■ Saved entries ■
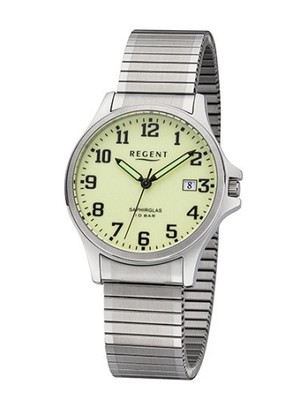 REGENT F-1348 Herrenuhr Saphir 36 mm Leuchtzifferblatt 10 BAR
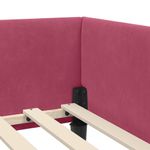 Casa si Gradina - Mobilier - Paturi si accesorii - Paturi - Cadru de pat coltar bordo 100 x 200 cm Catifea si lemn laminat - Infinity.ro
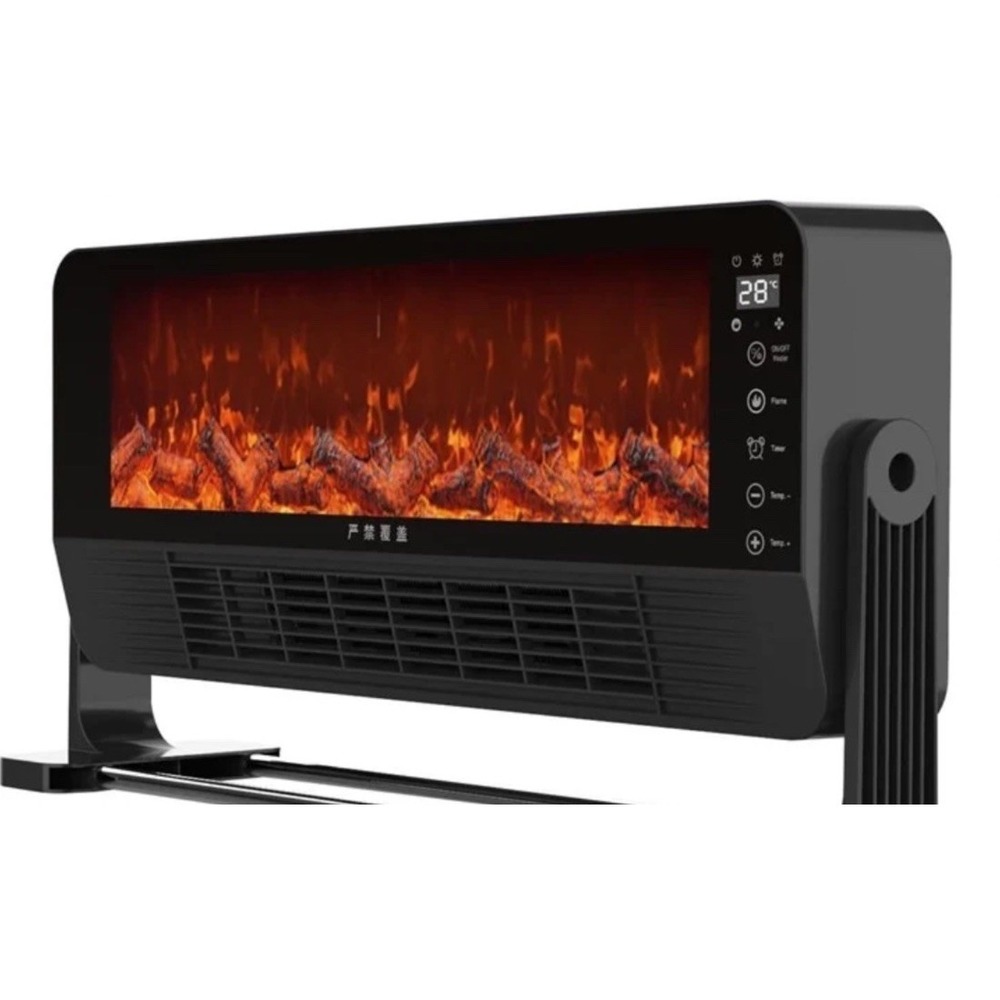 Small Portable Fan Heater With Simulated‎ Flame Electric Fireplace NIB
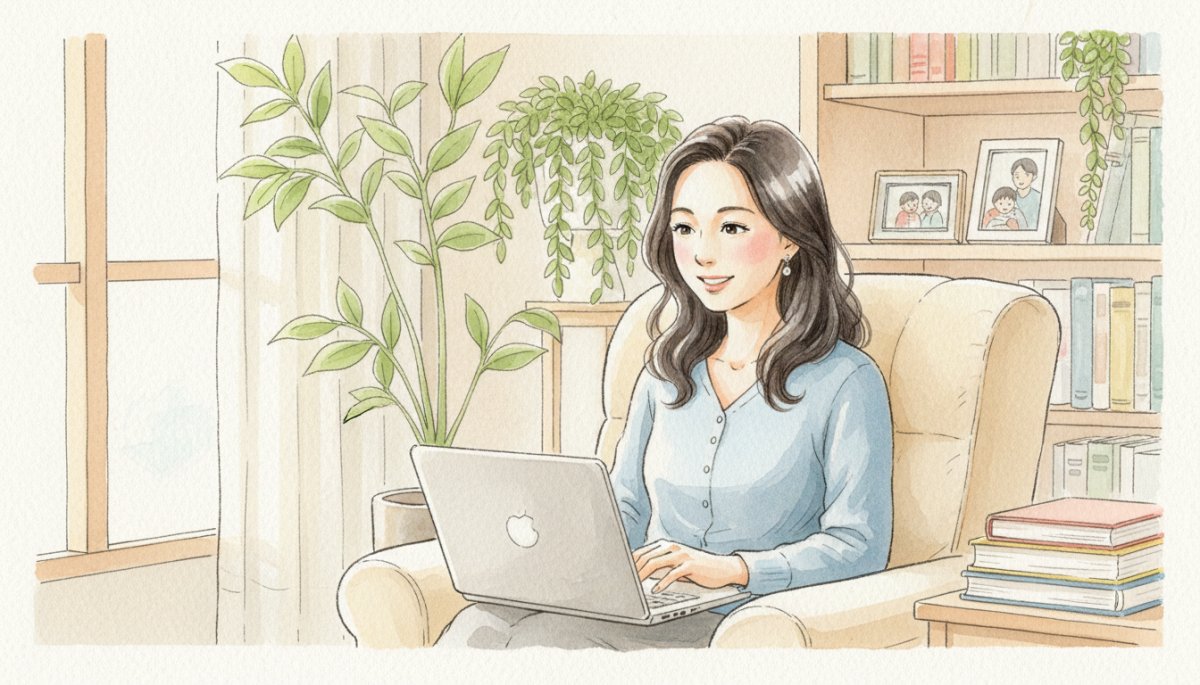 オンラインカウンセリングを受けるママの様子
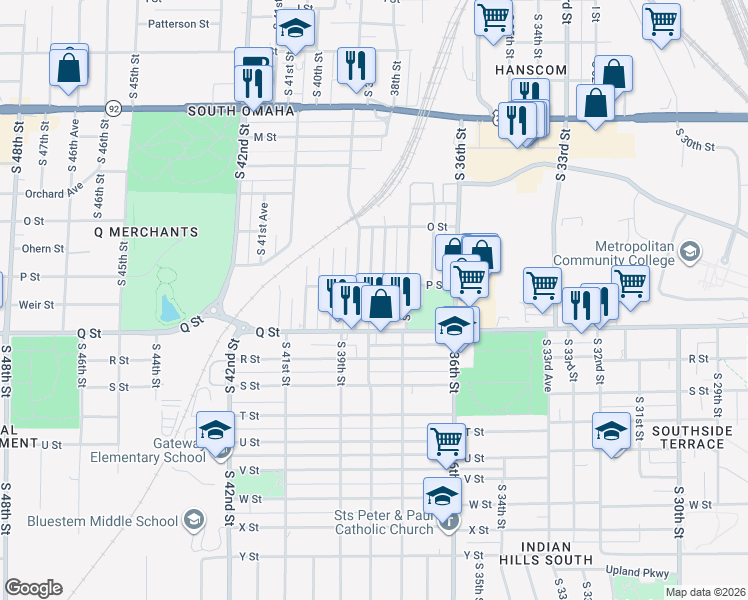 map of restaurants, bars, coffee shops, grocery stores, and more near 5110 South 39th Street in Omaha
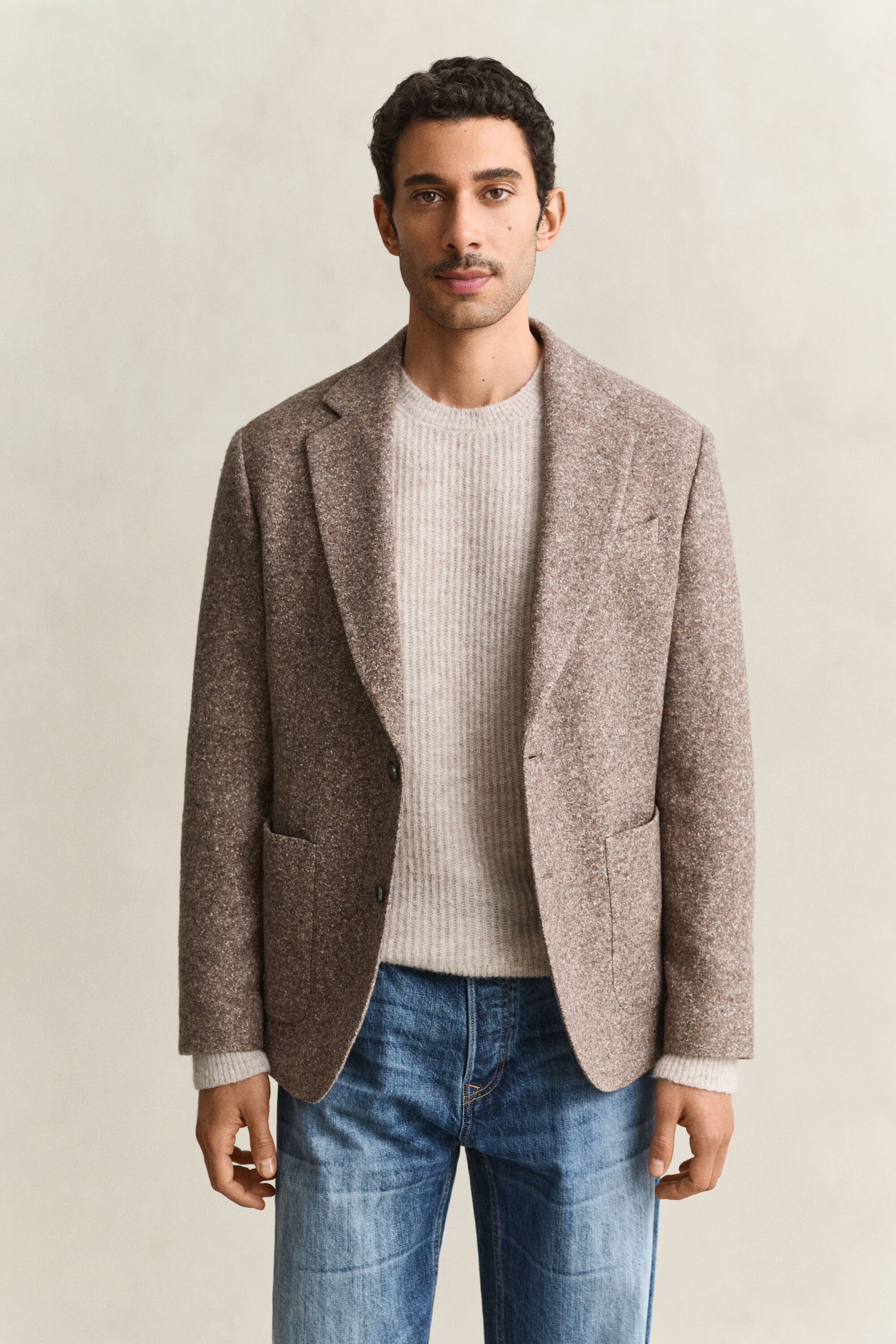 Veste blazer en jersey de laine et soie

■ Directions ■
Please retype every record exactly, leaving the pictures out.

■ Result of the exercise ■
 REGENT F-1348 Herrenuhr Saphir 36 mm Leuchtzifferblatt 10 BAR
 Casa si Gradina - Mobilier - Paturi si accesorii - Paturi - Cadru de pat coltar bordo 100 x 200 cm Catifea si lemn laminat - Infinity.ro
 Small Portable Fan Heater With Simulated‎ Flame Electric Fireplace NIB
 オンラインカウンセリングを受けるママの様子
 map of restaurants, bars, coffee shops, grocery stores, and more near 5110 South 39th Street in Omaha
 Veste blazer en jersey de laine et soie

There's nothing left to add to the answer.